Estimation of sequencing error rates in short reads
1 Department of Biostatistics and Computational Biology, Dana-Farber Cancer Institute, Boston, MA 02215, USA
2 Department of Biostatistics, Harvard School of Public Health, Boston, MA 02115, USA
3 Department of Statistics, Brigham Young University, Provo, UT 84602, USA
4 Department of Bioinformatics, Boston University, Boston, MA 02215, USA
Citation and License
BMC Bioinformatics 2012, 13:185 doi:10.1186/1471-2105-13-185Published: 30 July 2012
Short-read data from next-generation sequencing technologies are now being generated across a range of research projects. The fidelity of this data can be affected by several factors and it is important to have simple and reliable approaches for monitoring it at the level of individual experiments.
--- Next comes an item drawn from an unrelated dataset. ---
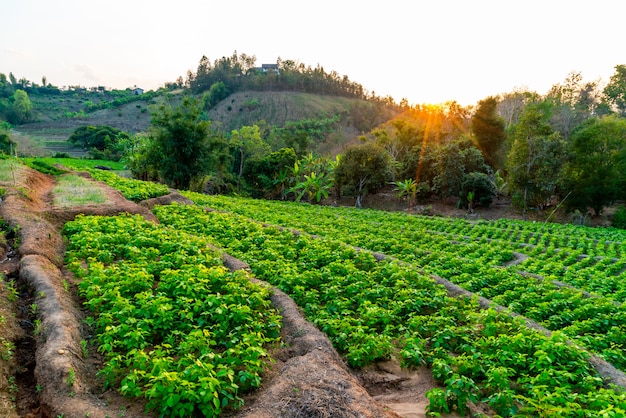 nursery plant garden on mountain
We developed a fast, scalable and accurate approach to estimating error rates in short reads, which has the added advantage of not requiring a reference genome. We build on the fundamental observation that there is a linear relationship between the copy number for a given read and the number of erroneous reads that differ from the read of interest by one or two bases. The slope of this relationship can be transformed to give an estimate of the error rate, both by read and by position. We present simulation studies as well as analyses of real data sets illustrating the precision and accuracy of this method, and we show that it is more accurate than alternatives that count the difference between the sample of interest and a reference genome. We show how this methodology led to the detection of mutations in the genome of the PhiX strain used for calibration of Illumina data. The proposed method is implemented in an R package, which can be downloaded from http://bcb.dfci.harvard.edu/∼vwang/shadowRegression.html webcite.
The proposed method can be used to monitor the quality of sequencing pipelines at the level of individual experiments without the use of reference genomes. Furthermore, having an estimate of the error rates gives one the opportunity to improve analyses and inferences in many applications of next-generation sequencing data.